I rarely invest in commodity businesses like oil companies but when I do I only invest when the downside is limited and the price is right. In the case of Exxon Mobil (NYSE:XOM), I would consider adding a small speculative position to my portfolio if the price of oil was trading at about $60 per barrel. The position in Exxon Mobil would be initiated at a price of about $55 per share assuming that oil was trading at an estimated fair value (based on supply and demand) of about $60 per barrel. I would gamble that Exxon Mobil stock would double in about three years. However, I do very little gambling in my portfolio. I prefer to invest in high quality businesses possessing strong competitive advantages that are selling at attractive prices.

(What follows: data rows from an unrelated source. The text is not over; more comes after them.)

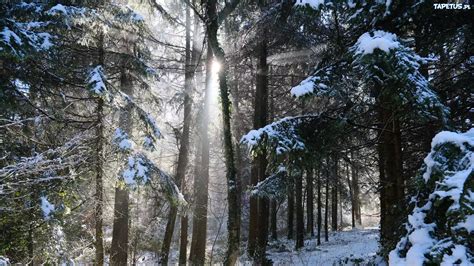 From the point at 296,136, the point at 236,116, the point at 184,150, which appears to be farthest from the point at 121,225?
the point at 296,136

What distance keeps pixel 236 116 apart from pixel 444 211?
10.2m

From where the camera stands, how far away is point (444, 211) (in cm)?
319

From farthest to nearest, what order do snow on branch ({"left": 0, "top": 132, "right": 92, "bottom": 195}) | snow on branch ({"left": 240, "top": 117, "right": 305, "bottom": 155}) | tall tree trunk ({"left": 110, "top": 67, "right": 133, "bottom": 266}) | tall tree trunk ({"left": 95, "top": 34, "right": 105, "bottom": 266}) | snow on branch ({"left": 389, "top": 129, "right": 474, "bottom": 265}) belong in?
tall tree trunk ({"left": 110, "top": 67, "right": 133, "bottom": 266}) < tall tree trunk ({"left": 95, "top": 34, "right": 105, "bottom": 266}) < snow on branch ({"left": 240, "top": 117, "right": 305, "bottom": 155}) < snow on branch ({"left": 0, "top": 132, "right": 92, "bottom": 195}) < snow on branch ({"left": 389, "top": 129, "right": 474, "bottom": 265})

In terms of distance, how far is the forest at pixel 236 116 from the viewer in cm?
420

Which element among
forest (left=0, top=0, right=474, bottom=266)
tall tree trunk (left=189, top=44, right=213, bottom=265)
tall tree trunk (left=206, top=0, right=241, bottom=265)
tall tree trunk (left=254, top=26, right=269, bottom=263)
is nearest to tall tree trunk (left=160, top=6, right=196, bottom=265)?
forest (left=0, top=0, right=474, bottom=266)

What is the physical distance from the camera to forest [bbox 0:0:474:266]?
13.8 ft

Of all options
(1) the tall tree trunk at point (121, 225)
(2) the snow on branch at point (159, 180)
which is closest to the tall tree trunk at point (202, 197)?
(1) the tall tree trunk at point (121, 225)

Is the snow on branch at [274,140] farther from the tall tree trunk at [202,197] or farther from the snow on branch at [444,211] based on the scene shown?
the tall tree trunk at [202,197]

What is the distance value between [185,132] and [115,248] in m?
4.35

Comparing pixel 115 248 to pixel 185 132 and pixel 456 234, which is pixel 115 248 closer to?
pixel 185 132

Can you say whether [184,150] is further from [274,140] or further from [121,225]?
[274,140]

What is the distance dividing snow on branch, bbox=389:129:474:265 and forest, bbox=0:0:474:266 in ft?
0.03

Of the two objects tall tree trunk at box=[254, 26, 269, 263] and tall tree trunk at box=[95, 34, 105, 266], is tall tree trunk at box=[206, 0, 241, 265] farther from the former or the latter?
tall tree trunk at box=[254, 26, 269, 263]

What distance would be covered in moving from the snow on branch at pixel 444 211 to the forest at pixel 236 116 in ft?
0.03
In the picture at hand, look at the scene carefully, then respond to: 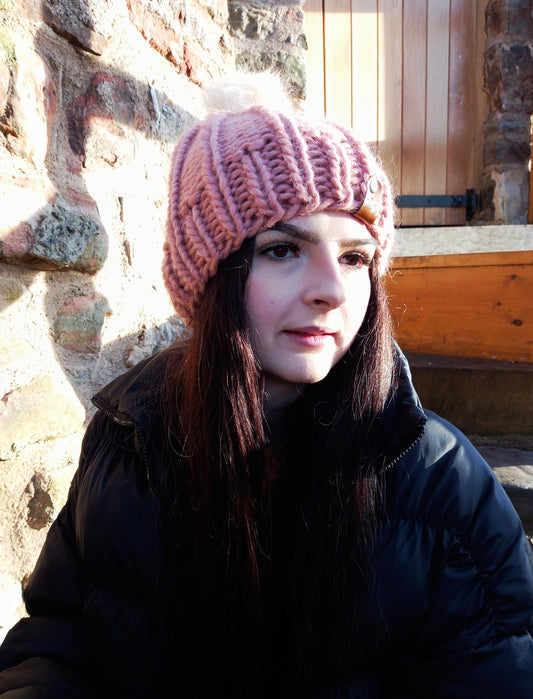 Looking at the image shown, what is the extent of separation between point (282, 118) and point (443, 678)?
113 centimetres

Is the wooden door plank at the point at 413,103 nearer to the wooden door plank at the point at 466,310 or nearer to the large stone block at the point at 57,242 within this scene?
the wooden door plank at the point at 466,310

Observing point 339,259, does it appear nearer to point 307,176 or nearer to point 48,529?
point 307,176

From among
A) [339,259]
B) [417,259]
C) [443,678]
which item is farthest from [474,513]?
[417,259]

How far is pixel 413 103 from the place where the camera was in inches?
106

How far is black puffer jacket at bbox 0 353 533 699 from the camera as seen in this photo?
0.94m

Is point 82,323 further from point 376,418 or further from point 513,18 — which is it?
point 513,18

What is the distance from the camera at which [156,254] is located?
1.57 meters

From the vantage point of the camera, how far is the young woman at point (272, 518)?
0.96m

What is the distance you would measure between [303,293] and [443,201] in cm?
214

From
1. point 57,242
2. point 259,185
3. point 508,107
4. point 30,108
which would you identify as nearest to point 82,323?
point 57,242

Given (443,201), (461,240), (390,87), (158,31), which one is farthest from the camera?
(443,201)

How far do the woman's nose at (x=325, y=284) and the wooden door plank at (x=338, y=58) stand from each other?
6.12 feet

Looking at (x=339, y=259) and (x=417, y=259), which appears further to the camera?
(x=417, y=259)

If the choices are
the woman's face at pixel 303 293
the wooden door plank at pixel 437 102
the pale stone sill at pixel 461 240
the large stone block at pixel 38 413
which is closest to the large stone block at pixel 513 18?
the wooden door plank at pixel 437 102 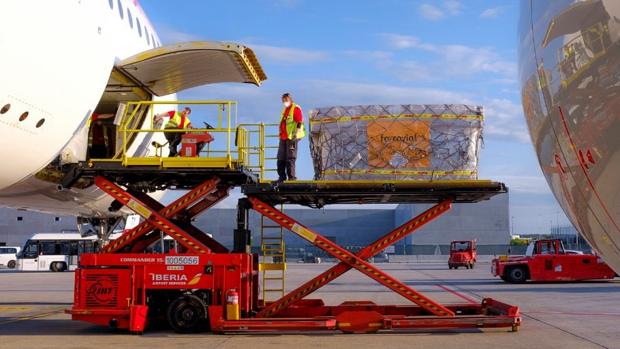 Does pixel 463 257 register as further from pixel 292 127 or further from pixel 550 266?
pixel 292 127

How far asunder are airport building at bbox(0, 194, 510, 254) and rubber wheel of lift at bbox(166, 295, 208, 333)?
58.9 m

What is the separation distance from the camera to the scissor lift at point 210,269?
12.4m

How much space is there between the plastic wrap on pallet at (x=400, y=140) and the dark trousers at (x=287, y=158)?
523 millimetres

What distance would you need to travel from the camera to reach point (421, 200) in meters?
14.5

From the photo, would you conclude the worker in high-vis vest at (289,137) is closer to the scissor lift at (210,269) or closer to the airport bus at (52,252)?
the scissor lift at (210,269)

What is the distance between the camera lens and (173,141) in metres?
13.8

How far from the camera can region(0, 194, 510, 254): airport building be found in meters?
74.1

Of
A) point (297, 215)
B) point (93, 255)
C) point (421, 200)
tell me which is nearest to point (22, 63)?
point (93, 255)

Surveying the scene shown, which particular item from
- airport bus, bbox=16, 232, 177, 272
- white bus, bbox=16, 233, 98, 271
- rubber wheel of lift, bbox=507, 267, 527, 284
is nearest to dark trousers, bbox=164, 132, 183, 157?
rubber wheel of lift, bbox=507, 267, 527, 284

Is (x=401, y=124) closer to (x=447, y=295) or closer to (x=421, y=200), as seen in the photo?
(x=421, y=200)

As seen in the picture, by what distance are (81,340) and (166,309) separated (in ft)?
5.41

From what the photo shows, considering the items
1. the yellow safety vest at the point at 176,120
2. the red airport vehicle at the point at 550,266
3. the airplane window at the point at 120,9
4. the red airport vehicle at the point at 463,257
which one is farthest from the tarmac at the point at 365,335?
the red airport vehicle at the point at 463,257

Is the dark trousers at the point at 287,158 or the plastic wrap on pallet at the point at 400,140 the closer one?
the plastic wrap on pallet at the point at 400,140

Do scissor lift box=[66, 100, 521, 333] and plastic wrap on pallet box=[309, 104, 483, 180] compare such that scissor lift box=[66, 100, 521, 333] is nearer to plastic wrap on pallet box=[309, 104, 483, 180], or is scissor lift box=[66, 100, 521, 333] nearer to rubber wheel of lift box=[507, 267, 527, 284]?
plastic wrap on pallet box=[309, 104, 483, 180] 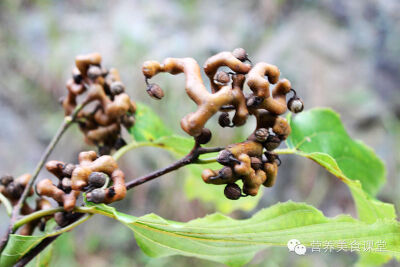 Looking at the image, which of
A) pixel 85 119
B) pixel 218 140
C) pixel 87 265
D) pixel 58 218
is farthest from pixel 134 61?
pixel 58 218

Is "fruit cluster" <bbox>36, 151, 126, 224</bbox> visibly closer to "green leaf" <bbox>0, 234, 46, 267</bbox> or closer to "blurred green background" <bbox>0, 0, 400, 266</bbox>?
"green leaf" <bbox>0, 234, 46, 267</bbox>

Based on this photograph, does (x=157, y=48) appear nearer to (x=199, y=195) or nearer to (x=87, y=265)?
(x=87, y=265)

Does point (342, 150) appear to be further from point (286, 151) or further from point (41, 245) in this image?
point (41, 245)

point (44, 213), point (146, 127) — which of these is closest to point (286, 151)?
point (146, 127)

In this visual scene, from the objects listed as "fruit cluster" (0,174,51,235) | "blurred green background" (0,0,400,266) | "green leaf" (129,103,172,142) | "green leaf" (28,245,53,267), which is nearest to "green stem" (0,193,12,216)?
"fruit cluster" (0,174,51,235)

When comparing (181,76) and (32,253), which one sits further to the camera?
(181,76)
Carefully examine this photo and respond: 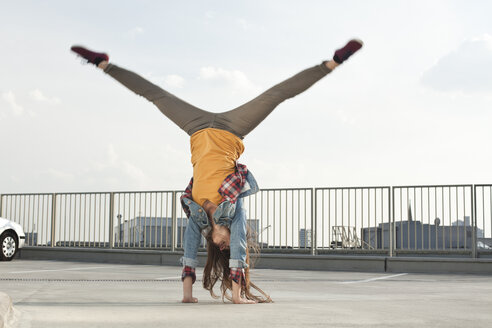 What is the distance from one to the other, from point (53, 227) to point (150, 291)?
1105cm

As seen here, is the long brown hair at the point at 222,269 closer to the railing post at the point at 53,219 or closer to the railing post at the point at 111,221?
the railing post at the point at 111,221

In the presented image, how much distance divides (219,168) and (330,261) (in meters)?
9.26

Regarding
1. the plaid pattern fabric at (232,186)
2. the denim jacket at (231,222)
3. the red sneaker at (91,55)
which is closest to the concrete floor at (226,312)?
the denim jacket at (231,222)

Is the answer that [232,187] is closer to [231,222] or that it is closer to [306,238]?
[231,222]

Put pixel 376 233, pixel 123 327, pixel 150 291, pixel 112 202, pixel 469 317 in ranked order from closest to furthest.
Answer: pixel 123 327
pixel 469 317
pixel 150 291
pixel 376 233
pixel 112 202

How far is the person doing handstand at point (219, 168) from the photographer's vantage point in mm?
4883

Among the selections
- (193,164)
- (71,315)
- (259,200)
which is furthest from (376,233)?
(71,315)

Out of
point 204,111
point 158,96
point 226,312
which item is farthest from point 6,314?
point 204,111

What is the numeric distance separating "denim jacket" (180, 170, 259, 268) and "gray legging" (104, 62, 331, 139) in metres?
0.43

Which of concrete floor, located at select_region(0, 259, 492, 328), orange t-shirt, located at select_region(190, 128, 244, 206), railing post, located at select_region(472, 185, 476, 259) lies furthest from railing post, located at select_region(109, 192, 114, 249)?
orange t-shirt, located at select_region(190, 128, 244, 206)

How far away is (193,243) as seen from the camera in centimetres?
513

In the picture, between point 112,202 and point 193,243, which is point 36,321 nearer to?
point 193,243

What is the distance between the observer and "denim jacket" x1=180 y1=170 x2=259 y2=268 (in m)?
4.88

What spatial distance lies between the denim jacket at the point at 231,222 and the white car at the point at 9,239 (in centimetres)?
1075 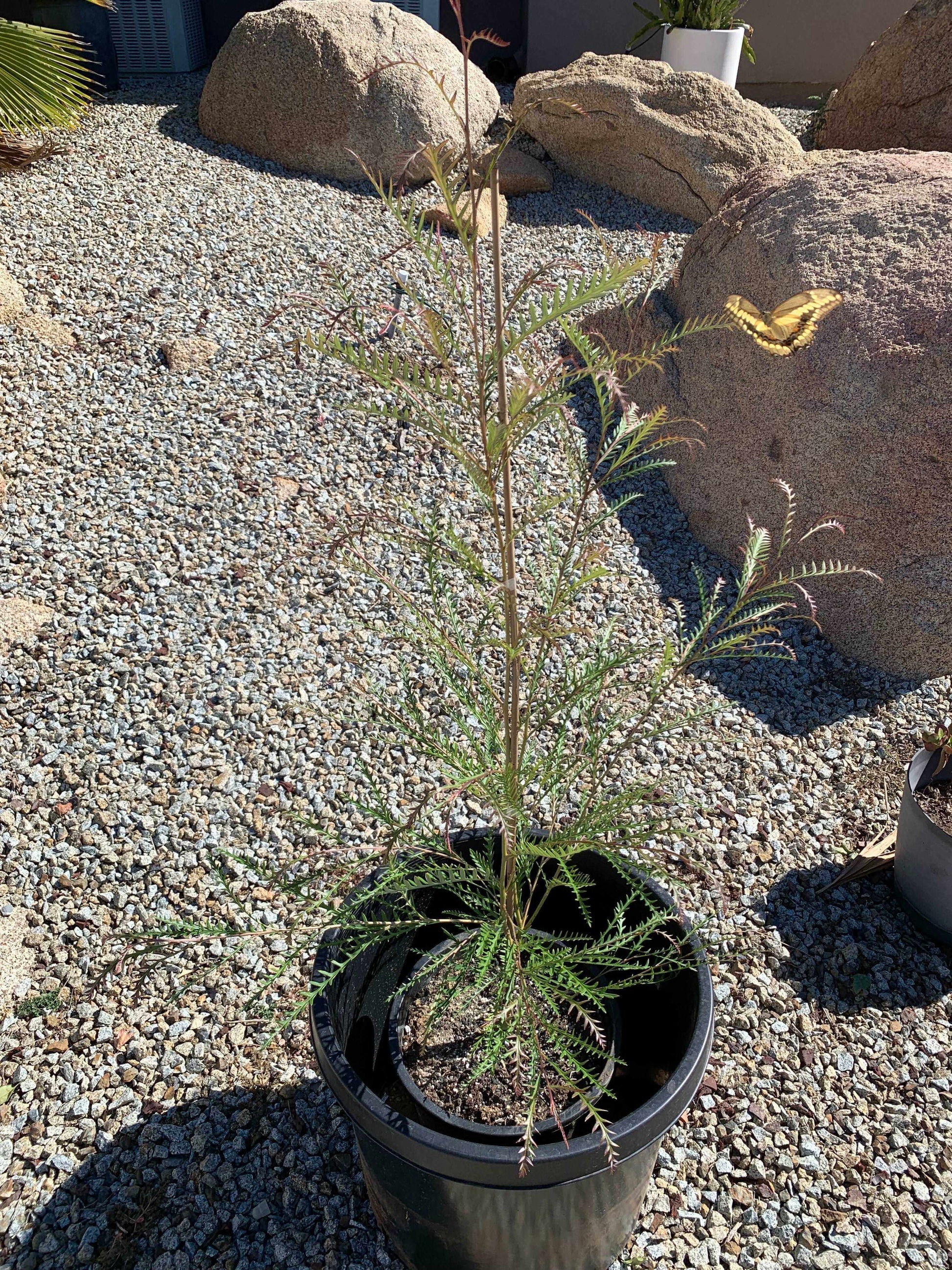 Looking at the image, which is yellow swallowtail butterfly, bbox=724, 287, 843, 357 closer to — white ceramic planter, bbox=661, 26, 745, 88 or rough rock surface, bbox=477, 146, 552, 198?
rough rock surface, bbox=477, 146, 552, 198

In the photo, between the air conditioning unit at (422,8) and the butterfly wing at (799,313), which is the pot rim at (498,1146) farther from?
the air conditioning unit at (422,8)

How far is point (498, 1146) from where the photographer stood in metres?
1.38

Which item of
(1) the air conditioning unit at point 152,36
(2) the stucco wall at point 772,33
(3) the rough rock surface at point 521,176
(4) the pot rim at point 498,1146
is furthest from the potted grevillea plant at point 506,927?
(2) the stucco wall at point 772,33

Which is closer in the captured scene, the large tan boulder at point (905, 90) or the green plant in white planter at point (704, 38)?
→ the large tan boulder at point (905, 90)

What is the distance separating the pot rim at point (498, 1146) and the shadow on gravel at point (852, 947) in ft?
3.46

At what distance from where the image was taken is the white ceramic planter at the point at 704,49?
716cm

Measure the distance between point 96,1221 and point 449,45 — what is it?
256 inches

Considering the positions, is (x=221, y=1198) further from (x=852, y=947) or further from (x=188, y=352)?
(x=188, y=352)

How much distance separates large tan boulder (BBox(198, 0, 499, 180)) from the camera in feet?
18.3

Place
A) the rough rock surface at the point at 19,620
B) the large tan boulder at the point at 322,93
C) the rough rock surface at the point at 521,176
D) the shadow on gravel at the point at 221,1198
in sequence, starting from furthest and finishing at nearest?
1. the rough rock surface at the point at 521,176
2. the large tan boulder at the point at 322,93
3. the rough rock surface at the point at 19,620
4. the shadow on gravel at the point at 221,1198

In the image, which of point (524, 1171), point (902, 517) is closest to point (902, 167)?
point (902, 517)

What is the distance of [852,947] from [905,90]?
220 inches

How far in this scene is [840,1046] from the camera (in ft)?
7.27

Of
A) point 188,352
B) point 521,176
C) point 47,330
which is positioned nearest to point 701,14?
point 521,176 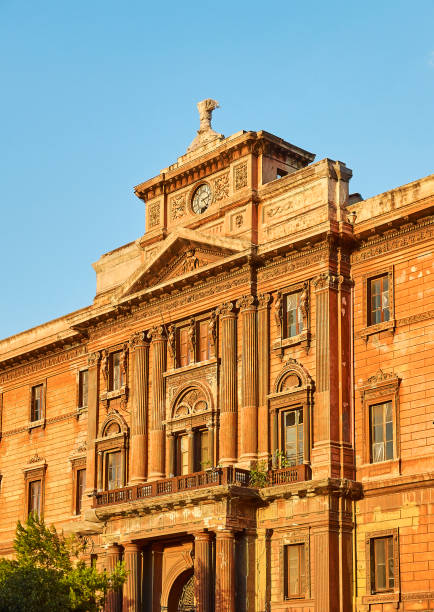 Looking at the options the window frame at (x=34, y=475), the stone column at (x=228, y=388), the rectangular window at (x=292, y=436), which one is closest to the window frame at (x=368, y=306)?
the rectangular window at (x=292, y=436)

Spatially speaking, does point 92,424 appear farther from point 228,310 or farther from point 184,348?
point 228,310

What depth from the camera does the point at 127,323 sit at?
166 ft

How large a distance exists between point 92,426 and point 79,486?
3.49 m

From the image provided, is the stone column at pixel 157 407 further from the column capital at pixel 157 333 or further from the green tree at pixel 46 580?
the green tree at pixel 46 580

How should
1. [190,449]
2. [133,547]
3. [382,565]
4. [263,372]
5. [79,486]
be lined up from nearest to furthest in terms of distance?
[382,565] → [263,372] → [133,547] → [190,449] → [79,486]

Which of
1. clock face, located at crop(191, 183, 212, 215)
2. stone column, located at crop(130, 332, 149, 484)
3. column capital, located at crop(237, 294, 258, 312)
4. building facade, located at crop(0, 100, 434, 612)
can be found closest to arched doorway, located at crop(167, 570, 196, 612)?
building facade, located at crop(0, 100, 434, 612)

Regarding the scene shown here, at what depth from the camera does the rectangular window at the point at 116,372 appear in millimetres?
50875

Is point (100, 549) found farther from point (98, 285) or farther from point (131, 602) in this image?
point (98, 285)

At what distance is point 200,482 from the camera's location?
141 feet

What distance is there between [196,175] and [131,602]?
16845 mm

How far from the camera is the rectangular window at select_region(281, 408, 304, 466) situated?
4234cm

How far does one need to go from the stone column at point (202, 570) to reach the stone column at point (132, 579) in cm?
347

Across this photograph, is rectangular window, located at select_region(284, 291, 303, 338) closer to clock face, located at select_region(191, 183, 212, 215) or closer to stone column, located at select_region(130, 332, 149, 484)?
clock face, located at select_region(191, 183, 212, 215)

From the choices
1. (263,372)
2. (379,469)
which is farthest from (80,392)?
(379,469)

Thesis & Catalyst For Exxon Mobil Corporation
Exxon Mobil is an excellent oil company but oil companies are not excellent businesses. Oil companies are a commodity business where earnings are tied to the price of oil. It is my belief that oil prices are unpredictable and therefore the earnings of oil companies such as Exxon Mobil are unpredictable as well. I value predictability of earnings when selecting stocks for my portfolio. Without predictable earnings, it is almost impossible to determine the value of a stock. Therefore, buying stock in commodity businesses such as Exxon Mobil should be regarded as speculative in nature.
Occasionally, when the situation warrants action, I will add a small speculative position in a commodity business to my portfolio. For instance, I may speculate in a commodity business if the underlying commodity is selling at an attractive price relative to the average world cost of production or the conservatively estimated fair value of the commodity based on supply/demand factors. In the case of oil, the average world cost of production is about $30 per barrel and the fair value based on supply and demand factors is in the range of $55 to $65 per barrel. As I write this article, the price of oil is about $95 per barrel and the share price of Exxon Mobil is about $91.
I would only be interested in speculating in Exxon Mobil stock if the price of oil came down to $60 per barrel or less and the price of Exxon Mobil stock was trading at $55 or less. Under these conditions, I would feel comfortable that the downside risks to the stock price are relatively limited while the upside catalysts of improving major economies and growing tensions in the Middle East would likely lead to much higher oil and Exxon Mobil stock prices in the near future.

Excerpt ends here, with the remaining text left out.